§ Instructions for the task: Only some lines are wanted: please transcribe exactly those from the one containing "Розкішний вовняний піджак" through the end of the data, pictures excluded.
* * * *
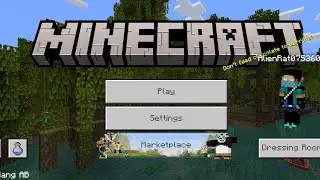 Minecraft 1.19.40.02 gameplay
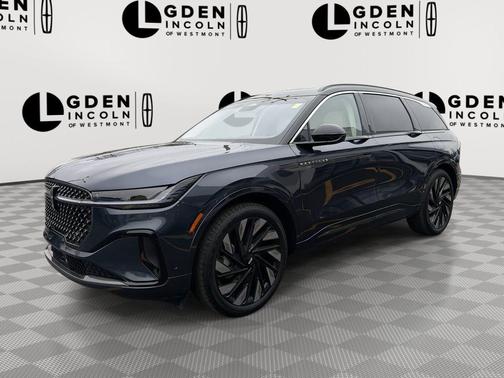 2024 Lincoln Nautilus Black Label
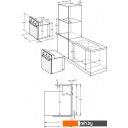 Духовые шкафы Darina 1U BDE111 707 AT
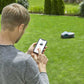 Robot cortacésped – Gardena SILENO city 600 set Smart – Gestión Gardena Smart App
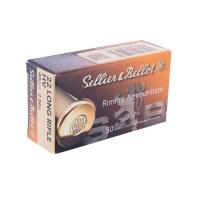 Купить .22 LR S&B HV 2,56г патрон (50шт)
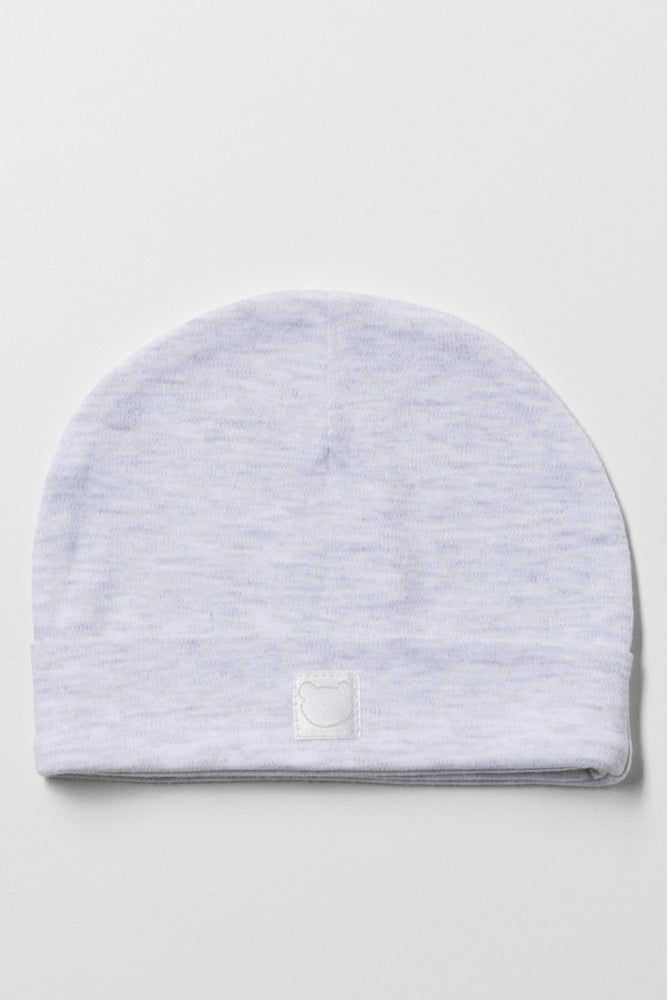 Hat Grey Melange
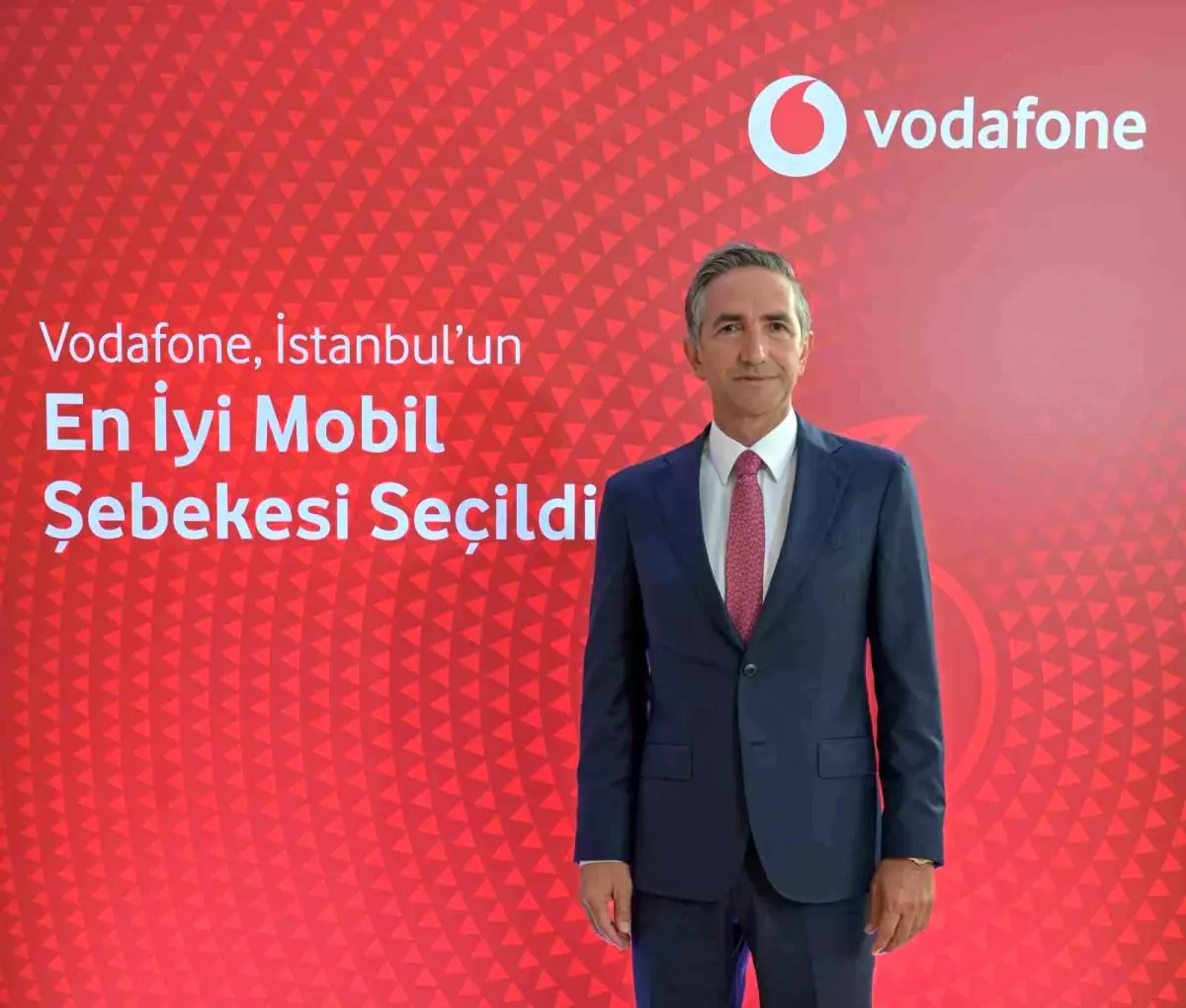 Vodafone, 4.5G'de En İyi ve Güvenilir Operatör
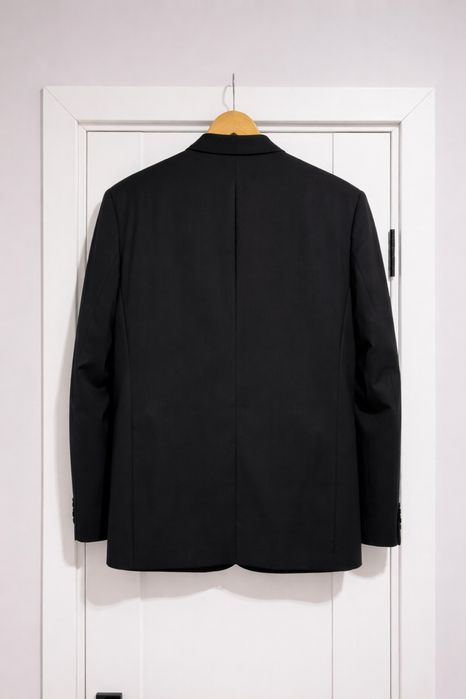 Розкішний вовняний піджак жакет оверсайз від бренду Roy Robson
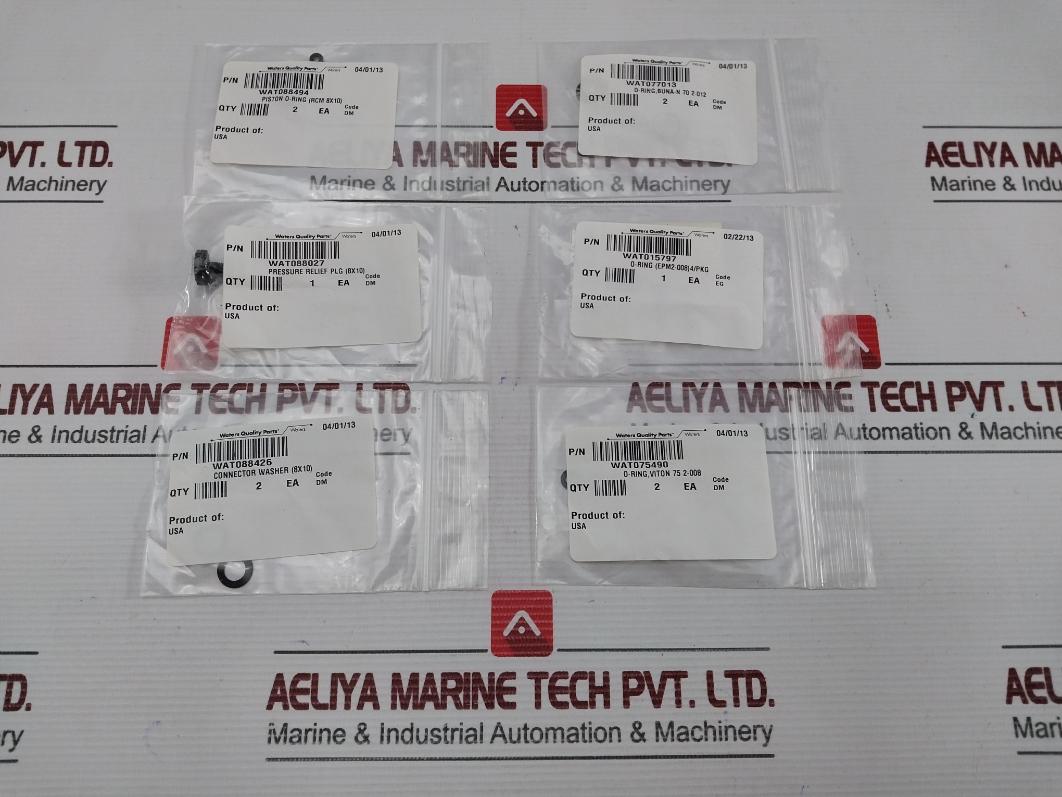Wat088481 Waters Start-up Kit
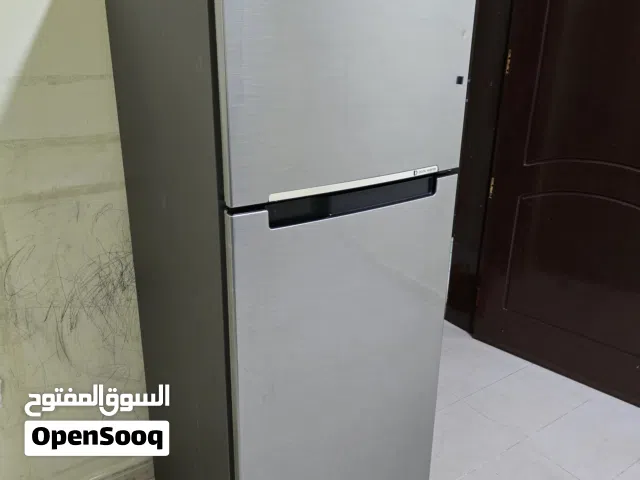 ثلاجة سامسونج 340 لتر استخدام سنة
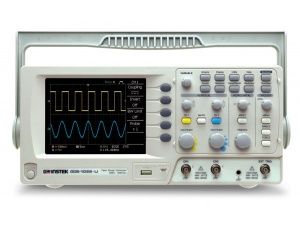 GW Instek GDS-1054B - Dijital Osiloskop (50MHz, 4 Kanal)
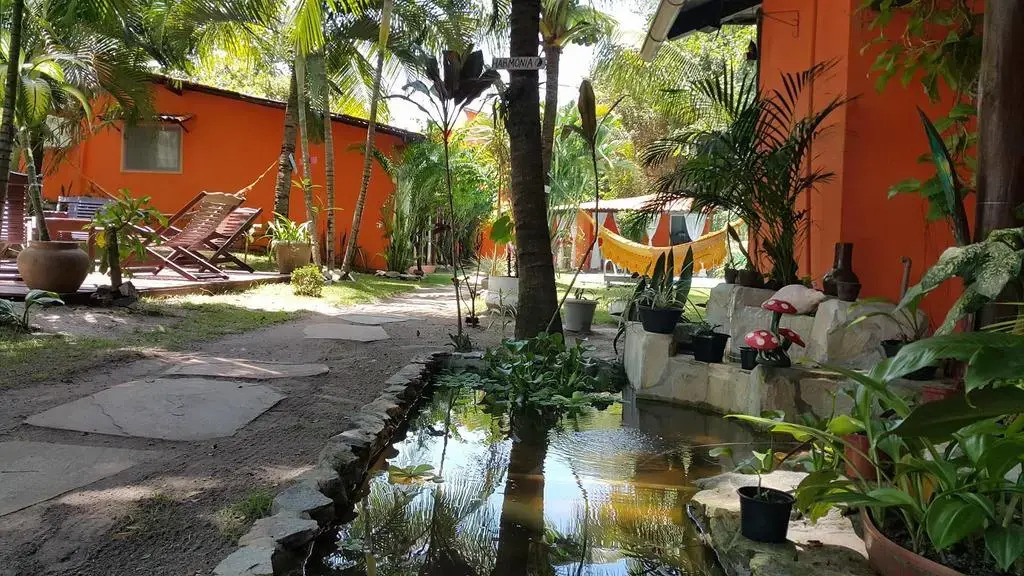 Vila Mar Pipa Pousada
* * * *
§ Finished task:
 Розкішний вовняний піджак жакет оверсайз від бренду Roy Robson
Wat088481 Waters Start-up Kit
 ثلاجة سامسونج 340 لتر استخدام سنة
 GW Instek GDS-1054B - Dijital Osiloskop (50MHz, 4 Kanal)
 Vila Mar Pipa Pousada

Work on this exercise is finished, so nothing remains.